Dragging China into U.S. politics has been time-honored political fodder at election time for many campaign cycles. (Before China it was Japan. Remember?) Rarely, if ever, does such fire-breathing amount to much. But it might this time. Obama went further than blustery rhetoric when he filed a suit at the WTO last week charging China with illegally subsidizing its auto and auto-parts industries.
It is the third WTO suit this administration has pending in Geneva, the other two involving U.S. car sales in China and China’s rare earth minerals. There seems little question that China, even as it tries to reduce its dependence on exports, makes use of hard-to-identify industrial subsidies. But do we want a trade war in this global economic environment? We are getting close to one.
China has already filed a retaliatory WTO suit against the U.S., challenging its anti-dumping rules. I agree with TFT's Josh Boak: What we want right now from China is not a string of trade rows and the ill will that goes with them, but a strong economy. The stakes this time are simply too high to allow for the penny ante politics of past campaigns.
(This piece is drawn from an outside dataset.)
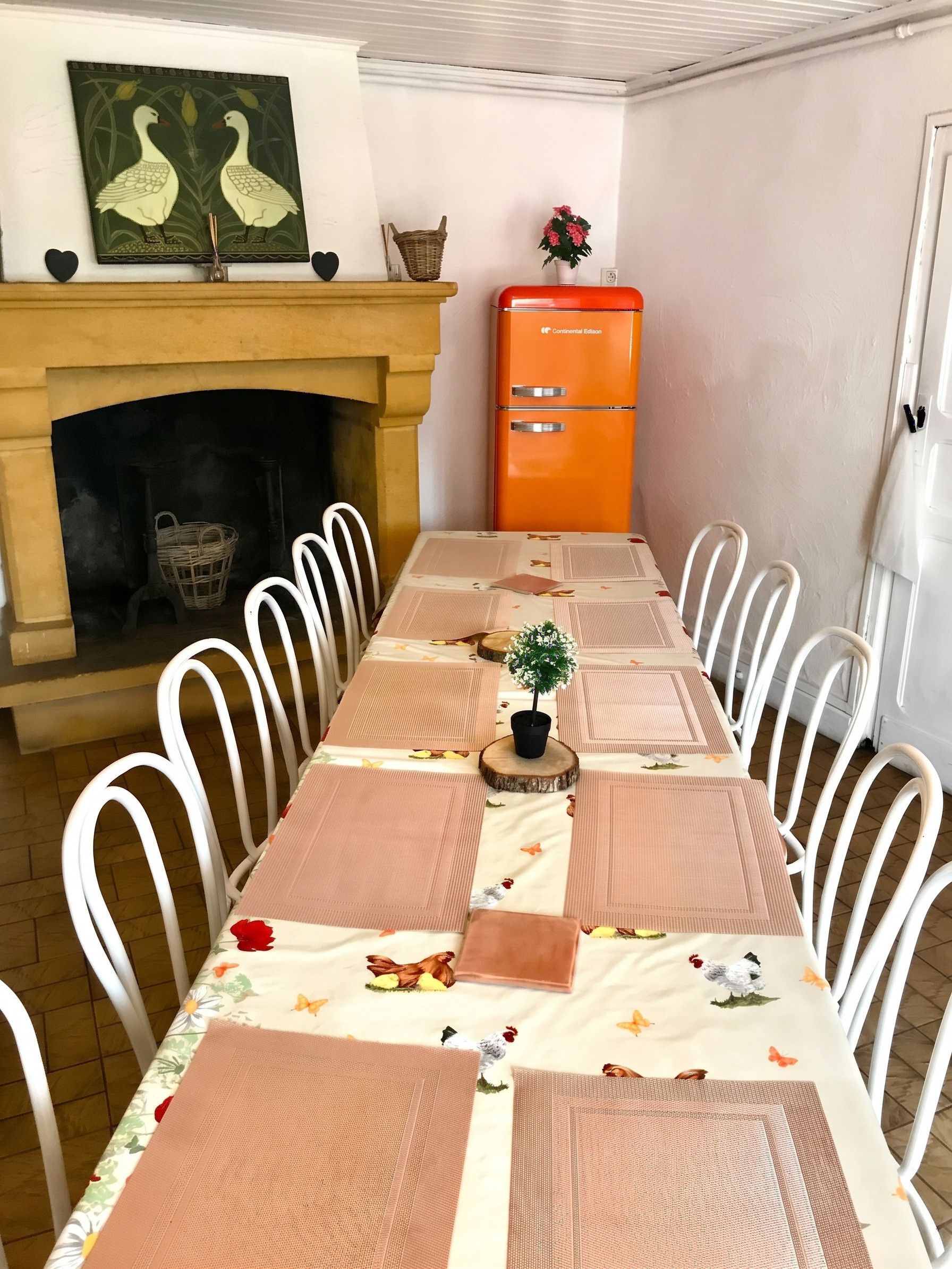 A dining room with a long table, white chairs, a fireplace, and an orange appliance.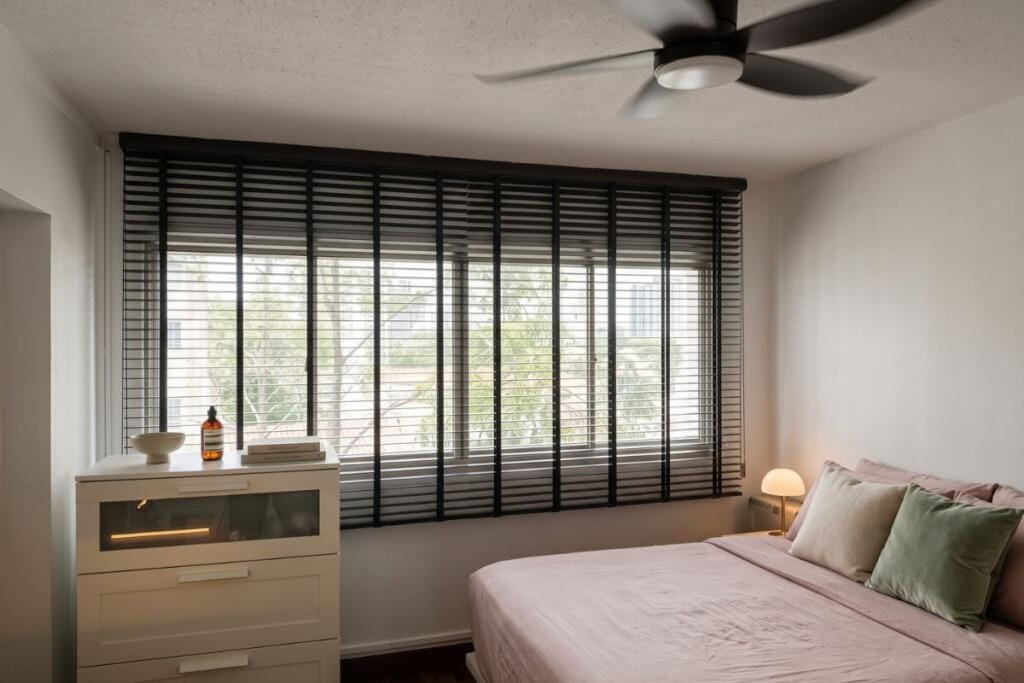 Faux wood Venetian blinds for a Pasir Ris HDB bedroom in Singapore by Cornerstone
None of this was helpful background for Defense Secretary Panetta’s tour of the region last week. While Panetta was at pains to reassure Beijing officials that Washington had no designs to “contain” China, he had a tough time of it. His arrival in Beijing from Tokyo coincided with an announcement that the U.S. and Japan had agreed to build an advanced missile defense system on Japanese territory – the second such installation the Pentagon will operate next door to the mainland.
“The purpose of this is to enhance our ability to defend Japan,” Panetta explained amid sharp criticism from Chinese officials. “Defending Japan” is an old chestnut in American military circles, used to explain just about anything Washington chooses to do at the far end of the Pacific. But Panetta, like all of his predecessors, never identified a potential aggressor. Ostensibly, the enemy is North Korea. But it does not take too much to imagine how the deployment of this level of technology looked from the Chinese side.
Further complicating Panetta’s visit – you have to feel for the guy – were the protests and violence in China over territorial rights of a small string of islands that lie between Japan and China – and which are thought to sit atop large deposits of oil and gas. Panetta made a stab at urging both sides to settle the dispute peaceably. It is the kind of “balancing role” the U.S. says it wants to play in its “pivot” strategy.
But Panetta came off sounding weak and irrelevant. “By virtue of both countries understanding how important that relationship is with the United States,” Panetta reasoned, “if we can encourage both of them to move forward and not have this dispute get out of hand, we can play a positive role.” Anyone care to shave the fuzz off that remark and tell us what it might mean?
The Sino–Japanese dispute over the Senkaku Islands (the Diaoyus in Chinese) is centuries old, and the issue has periodically become a flashpoint for nationalists on either side. It is complex and tends to give rise to searing emotions rooted deeply in history, notably in China. No Westerner is going to referee a dispute of this kind, unless it goes to the U.N. Indeed, it was revealing to see how ill-equipped a top U.S. official was to weigh in on the matter. The defense secretary came off as the uninvited stranger at the party.
There are lessons in last week’s display. China’s accumulating influence has everyone’s attention now, but this does not mean it can be stopped. It is a fact of history, and it falls to us – and the Japanese, among others – to learn how best to accommodate it. Certainly we Americans have a role to play in Asia. But as Panetta discovered the hard way, we cannot expect to maintain the pre-eminence we enjoyed for the second half of the last century.
On this side of the pond, what we saw last week was a truly remarkable absence of coordination. The Pentagon has long played an oversized part in U.S. foreign policy. So the State Department talks about a pivot and “balancing,” while the Defense Department aims new defense systems at the mainland and consolidates ties with as many of China’s neighbors as are willing to get into the act. As to trade policy, it is out there on its own, paying no apparent attention to anybody.